In just the space of a month, approval ratings for Prime Minister Binyamin Netanyahu have nosedived, a special weekend poll published in Maariv shows. The poll conducted by the Panel Politics organization has 63 percent of Likud voters approving of how Netanyahu is running the country – a figure that at the beginning of November stood at 80 percent.
A similar process has been at work among the general voting public. A November 9th poll showed 36 percent of all Israelis stating that Netanyahu was the best choice of any likely candidate for prime minister, far ahead of Zionist Camp’s Avi Gabay, who came in second place with just 14 percent. The latest poll shows that only 26 percent of all voters believe that Netanyahu is the best man for the job.

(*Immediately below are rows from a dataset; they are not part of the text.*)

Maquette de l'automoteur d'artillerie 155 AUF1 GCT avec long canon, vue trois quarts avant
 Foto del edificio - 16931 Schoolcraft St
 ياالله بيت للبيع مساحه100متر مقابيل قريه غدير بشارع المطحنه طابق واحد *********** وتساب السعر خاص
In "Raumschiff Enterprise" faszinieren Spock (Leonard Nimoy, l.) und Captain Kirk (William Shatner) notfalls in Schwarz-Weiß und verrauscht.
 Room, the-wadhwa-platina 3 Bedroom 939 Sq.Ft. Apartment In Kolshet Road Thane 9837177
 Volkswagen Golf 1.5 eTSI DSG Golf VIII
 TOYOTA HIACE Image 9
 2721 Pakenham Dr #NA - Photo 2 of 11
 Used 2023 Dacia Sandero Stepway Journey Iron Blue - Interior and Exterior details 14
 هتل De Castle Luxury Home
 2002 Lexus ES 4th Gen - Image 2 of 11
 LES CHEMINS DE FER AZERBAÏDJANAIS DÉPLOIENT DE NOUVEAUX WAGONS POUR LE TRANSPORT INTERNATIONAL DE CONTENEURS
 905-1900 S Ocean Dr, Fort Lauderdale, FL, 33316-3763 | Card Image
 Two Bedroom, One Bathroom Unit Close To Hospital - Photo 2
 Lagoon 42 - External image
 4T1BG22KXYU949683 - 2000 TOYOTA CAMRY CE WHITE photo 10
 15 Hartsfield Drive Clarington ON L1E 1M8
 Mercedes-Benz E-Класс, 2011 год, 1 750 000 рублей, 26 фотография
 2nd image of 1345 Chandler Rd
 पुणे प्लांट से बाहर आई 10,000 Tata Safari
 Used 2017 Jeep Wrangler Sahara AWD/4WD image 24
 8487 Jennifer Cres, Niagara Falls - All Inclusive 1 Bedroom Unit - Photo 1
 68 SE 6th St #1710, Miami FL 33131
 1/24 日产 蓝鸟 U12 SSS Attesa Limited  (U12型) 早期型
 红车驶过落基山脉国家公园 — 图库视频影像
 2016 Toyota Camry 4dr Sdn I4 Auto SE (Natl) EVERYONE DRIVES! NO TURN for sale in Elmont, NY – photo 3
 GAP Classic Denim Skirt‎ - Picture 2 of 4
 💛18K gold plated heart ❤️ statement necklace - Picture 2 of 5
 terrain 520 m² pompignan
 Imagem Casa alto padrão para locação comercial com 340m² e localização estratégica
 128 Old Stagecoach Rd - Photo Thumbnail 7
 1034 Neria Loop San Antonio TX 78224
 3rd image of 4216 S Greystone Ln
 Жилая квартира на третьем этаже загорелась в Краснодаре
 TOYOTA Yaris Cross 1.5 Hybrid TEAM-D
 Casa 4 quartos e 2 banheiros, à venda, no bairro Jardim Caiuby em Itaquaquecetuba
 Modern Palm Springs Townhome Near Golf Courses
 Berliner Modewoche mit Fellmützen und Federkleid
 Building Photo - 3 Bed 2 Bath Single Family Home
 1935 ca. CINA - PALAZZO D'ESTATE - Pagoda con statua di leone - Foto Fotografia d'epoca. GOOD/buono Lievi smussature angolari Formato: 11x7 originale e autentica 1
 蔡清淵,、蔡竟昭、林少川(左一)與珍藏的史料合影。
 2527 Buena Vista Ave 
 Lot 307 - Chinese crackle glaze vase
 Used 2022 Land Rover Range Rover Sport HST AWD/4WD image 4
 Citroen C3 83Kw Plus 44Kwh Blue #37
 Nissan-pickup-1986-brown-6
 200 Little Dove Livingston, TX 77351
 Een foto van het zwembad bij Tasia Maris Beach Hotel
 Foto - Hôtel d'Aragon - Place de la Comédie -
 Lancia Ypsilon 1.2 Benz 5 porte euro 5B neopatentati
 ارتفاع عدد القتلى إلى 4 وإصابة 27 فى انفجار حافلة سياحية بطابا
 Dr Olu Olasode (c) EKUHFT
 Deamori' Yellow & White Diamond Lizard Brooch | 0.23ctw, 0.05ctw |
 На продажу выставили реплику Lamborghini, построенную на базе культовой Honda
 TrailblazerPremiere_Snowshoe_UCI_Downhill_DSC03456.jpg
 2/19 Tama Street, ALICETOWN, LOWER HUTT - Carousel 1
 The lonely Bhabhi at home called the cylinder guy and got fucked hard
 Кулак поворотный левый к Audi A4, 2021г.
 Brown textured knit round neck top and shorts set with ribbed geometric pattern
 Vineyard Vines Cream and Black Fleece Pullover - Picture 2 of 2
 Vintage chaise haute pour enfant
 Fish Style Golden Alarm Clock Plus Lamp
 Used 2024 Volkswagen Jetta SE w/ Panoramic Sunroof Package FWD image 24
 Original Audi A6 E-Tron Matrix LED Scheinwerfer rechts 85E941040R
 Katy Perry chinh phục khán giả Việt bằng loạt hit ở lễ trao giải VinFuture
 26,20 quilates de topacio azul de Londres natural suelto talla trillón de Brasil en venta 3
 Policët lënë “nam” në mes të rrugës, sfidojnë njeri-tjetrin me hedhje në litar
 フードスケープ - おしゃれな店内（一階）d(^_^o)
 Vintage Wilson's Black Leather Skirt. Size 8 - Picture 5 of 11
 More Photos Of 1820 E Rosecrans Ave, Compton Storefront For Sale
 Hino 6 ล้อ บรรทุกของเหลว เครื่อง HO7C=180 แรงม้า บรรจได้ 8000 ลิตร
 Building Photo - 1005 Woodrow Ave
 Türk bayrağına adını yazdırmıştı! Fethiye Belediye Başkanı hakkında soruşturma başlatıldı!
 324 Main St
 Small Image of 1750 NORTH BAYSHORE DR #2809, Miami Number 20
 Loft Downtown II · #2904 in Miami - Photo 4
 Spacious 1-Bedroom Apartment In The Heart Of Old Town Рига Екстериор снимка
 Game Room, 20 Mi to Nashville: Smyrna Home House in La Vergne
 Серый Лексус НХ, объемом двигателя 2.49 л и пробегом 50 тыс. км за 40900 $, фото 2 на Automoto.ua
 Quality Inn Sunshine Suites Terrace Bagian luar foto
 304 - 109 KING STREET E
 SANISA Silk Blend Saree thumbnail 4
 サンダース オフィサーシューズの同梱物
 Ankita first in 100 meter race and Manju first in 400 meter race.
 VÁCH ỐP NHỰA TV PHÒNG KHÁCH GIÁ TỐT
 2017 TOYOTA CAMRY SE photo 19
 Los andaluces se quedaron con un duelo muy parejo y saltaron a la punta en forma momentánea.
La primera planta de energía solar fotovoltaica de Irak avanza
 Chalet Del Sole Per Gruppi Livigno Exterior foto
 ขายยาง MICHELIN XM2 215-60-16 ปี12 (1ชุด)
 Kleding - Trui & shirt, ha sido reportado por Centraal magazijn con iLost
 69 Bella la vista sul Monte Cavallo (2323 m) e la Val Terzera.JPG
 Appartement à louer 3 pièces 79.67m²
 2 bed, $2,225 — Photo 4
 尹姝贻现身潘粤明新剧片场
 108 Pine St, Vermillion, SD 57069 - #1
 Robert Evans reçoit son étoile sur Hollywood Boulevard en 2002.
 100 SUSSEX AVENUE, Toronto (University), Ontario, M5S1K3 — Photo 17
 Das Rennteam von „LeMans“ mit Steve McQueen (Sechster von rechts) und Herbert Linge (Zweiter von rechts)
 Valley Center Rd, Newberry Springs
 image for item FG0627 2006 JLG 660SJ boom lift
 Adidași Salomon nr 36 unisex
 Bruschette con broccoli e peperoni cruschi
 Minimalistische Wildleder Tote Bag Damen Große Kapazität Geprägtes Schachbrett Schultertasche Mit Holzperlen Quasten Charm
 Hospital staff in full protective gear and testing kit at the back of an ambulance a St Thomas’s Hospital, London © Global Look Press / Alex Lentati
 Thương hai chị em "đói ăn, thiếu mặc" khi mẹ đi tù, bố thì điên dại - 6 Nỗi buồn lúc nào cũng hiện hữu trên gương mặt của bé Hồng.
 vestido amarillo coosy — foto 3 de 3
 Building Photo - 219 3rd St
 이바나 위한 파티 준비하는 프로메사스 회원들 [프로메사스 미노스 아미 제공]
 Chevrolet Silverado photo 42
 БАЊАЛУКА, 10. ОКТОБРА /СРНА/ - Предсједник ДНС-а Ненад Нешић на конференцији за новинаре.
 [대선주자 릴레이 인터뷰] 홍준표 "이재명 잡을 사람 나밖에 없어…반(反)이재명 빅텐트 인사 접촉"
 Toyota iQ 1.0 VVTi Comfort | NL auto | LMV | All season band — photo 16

The poll did not point to a specific reason for the loss of faith in Netanyahu, but several questions indicated that the electorate was dissatisfied with several issues. The Recommendations Law, which would prevent police from making recommendations on prosecution of individuals under investigation, was called an “unworthy law” by 47 percent of the public; only 24 percent approve of the law that Likud MKs are determined to pass. Only 58 percent of Likud voters approve of it as well. Fifty percent of the public disapproved of how Netanyahu handled the latest crisis regarding train maintenance on Shabbos, while only 33 percent approved. While 53 percent said that Israel faced “religious coercion,” 35 percent said that the Jewish character of the state was in grave danger.
In the new poll, support for Yair Lapid as prime minister has grown. Eighteen percent of respondents in the current poll said that he was the best candidate for prime minister, compared to 11 percent in the November poll. Gabay falls from 14 percent to 9 percent in the new poll. Twenty-one percent said that none of the three were worthy of the job.
In terms of mandates, the poll shows that the Likud and Yesh Atid would both get 25 seats if Knesset elections were held today. Zionist Camp would get 15, Jewish Home 12, the United Arab List 11, and United Torah Judaism would get eight. Shas, unlike in some recent polls, does make it into the Knesset with four seats. Yisrael Beytenu would get five seats, and Meretz and Kulanu would get six each. However, in one surprising result, the poll shows that if deposed minister Gideon Saar – who is seen as one of Netanyahu’s chief rivals – were at the head of the Likud, the party would get 30 seats, with those extra five seats coming at the expense of Yesh Atid and Zionist Camp.